Weekly Fishing report for Central South Island and North Canterbury for 18 April 2024

  • Central South Island North Canterbury
  • 18/04/2024
  • Richie Cosgrove

Weekly Fishing report for Central South Island and North Canterbury for 18 April 2024

Central South Island Report

Waitaki River weekend a winner for Watson and friends

Leon Watson and friends fished the Waitaki River last weekend targeting sea-run salmon on soft baits.

They fished the lower reaches of the river at flows fluctuating from around 310 to 350 cumecs on the flow recorder.  Leon said these were good fishing flows for the lower reaches but when he fishes the upper reaches, he prefers the flows to be much lower to allow for good shoreline access.

They fished light with 6lb braid, 6lb fluorocarbon leaders and 1/12 to 1/8 jig heads.

Soft baits used with success included the 2.5” Berkley T-tail minnow in olive-pearl, and 3 gram Savage cannibal shads in white/black with hot orange and speckled black and silver.

Leon’s crew all found their target and took home a salmon each, Leon’s salmon weighing in at 8.5 lbs.

They also caught numerous rainbow and brown trout too, between 1 – 4 lbs – a couple of the brown trout were sea-run.

Leon’s advice for fishing soft baits is to drift and roll them with the current through the pool or run. Don’t retrieve during the drift just keep enough tension to feel for bites and twitch the rod tip to give the lure some life like movement - once the drift is complete wind in slowly.  

Leon reckoned didymo was a bit of a nuisance catching on their hooks frequently but that didn’t detract from the experience given the number of fish they were catching.

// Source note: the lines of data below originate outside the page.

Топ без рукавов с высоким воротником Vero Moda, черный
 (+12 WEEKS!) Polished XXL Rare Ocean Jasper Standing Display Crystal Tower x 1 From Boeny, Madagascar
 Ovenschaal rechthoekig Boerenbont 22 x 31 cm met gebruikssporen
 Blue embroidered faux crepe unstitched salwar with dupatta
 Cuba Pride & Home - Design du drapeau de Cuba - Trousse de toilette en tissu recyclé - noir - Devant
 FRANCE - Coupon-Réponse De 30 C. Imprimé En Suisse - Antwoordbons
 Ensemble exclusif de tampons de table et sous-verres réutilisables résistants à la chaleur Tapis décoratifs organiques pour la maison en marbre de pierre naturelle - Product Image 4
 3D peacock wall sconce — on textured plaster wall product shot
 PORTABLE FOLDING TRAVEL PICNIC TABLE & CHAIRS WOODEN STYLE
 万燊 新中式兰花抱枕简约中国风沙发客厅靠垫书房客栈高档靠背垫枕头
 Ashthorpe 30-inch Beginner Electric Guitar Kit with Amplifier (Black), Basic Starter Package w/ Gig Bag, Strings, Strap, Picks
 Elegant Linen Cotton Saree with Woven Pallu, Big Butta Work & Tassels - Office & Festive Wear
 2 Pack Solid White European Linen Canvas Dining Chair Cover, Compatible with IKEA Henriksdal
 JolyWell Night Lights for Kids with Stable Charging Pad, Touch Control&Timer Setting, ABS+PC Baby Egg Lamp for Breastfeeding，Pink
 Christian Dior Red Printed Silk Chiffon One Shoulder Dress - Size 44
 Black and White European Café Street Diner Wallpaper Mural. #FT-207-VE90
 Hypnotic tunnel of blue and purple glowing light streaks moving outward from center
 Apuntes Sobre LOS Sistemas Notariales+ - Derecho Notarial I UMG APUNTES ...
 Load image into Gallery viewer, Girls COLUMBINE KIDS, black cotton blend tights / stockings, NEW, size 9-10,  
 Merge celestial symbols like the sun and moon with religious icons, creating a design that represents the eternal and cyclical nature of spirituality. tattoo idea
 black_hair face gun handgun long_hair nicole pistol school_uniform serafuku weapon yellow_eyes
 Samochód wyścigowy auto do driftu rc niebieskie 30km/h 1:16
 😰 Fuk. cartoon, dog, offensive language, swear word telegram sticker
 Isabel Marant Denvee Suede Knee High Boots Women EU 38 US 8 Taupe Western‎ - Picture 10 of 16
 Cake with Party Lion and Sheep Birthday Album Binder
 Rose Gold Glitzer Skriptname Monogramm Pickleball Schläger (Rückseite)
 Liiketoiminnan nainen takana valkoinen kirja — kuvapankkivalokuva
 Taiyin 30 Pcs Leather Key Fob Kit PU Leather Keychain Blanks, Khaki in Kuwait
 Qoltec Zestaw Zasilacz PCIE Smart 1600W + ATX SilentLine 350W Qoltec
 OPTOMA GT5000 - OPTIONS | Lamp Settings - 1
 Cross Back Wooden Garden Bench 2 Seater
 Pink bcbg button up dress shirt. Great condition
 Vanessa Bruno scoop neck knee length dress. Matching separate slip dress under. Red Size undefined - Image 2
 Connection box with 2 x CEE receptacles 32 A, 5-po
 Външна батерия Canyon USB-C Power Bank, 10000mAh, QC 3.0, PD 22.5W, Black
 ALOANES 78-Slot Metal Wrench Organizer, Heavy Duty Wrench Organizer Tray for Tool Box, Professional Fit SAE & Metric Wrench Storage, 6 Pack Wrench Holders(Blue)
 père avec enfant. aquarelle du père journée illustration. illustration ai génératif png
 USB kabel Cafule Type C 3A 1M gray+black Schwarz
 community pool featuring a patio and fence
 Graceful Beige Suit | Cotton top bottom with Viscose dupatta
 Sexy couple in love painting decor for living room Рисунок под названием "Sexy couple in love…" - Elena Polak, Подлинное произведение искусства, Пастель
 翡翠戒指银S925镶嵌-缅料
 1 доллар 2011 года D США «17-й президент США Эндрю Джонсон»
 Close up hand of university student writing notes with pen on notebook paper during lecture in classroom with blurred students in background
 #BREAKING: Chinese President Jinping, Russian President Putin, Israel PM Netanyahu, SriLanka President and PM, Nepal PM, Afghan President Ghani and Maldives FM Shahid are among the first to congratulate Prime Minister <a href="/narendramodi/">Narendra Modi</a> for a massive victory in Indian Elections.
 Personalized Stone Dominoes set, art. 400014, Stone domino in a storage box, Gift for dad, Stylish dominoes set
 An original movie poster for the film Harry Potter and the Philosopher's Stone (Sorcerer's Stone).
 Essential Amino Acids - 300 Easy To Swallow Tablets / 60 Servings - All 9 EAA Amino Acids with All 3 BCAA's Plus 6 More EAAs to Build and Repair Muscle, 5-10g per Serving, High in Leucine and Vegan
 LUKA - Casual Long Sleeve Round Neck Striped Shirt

In the arvo they targeted kahawai at the mouth and caught heaps making for a four species weekend at the Waitaki.   

Pictured above: Leon Watson’s Waitaki River sea-run salmon. Credit: Leon Watson.

Rain brings respite

The Ōpihi River mouth open to the sea thanks to the recent rain event. Credit: Rhys Adams.

Some much needed rain was received last week bringing flows up a little.

Much of the drought-stricken parts of the region received between 18 and 50mm of rain over the week.

The Ōpihi River near SH1 went from disconnected to 5 cumecs of flow.

With the Ōpihi flows up its hāpua / lagoon filled up high then opened to the seas and drained out.

Fingers crossed a few sea-run salmon snuck through while they could as it’s their time to run the river for the spawning season.

Lake Opuha filled up by over 1.5 metres but remains at a very low level and in a drought restricted management status.   

The Twizel River was brought back to life from a trickle and even disconnected in places to just shy of 5 cumecs.  

All-in-all it was a helpful rain event but flows are again dropping down and many waters remain at critical low flows.

Further rain is needed asap to restore flows that are ideal for the impending  salmon and trout spawning seasons.  


Catch and Release tips

Catch and release is becoming popular at all our fisheries, especially at the canals during the trout spawning period from May through September.

Here’s our ‘Quick 5’ tips for handling fish with care: 

  • Cool your hands and landing net by wetting them before touching the fish.
  • Keep the fish in the water while removing the hook.
  • Do not squeeze the fish and never touch the gills.
  • Photograph the fish in or over the water, and make it quick - the fish should not be out of the water for more than 5 seconds.
  • Revive the fish facing into the current long enough for it to regain its swimming strength.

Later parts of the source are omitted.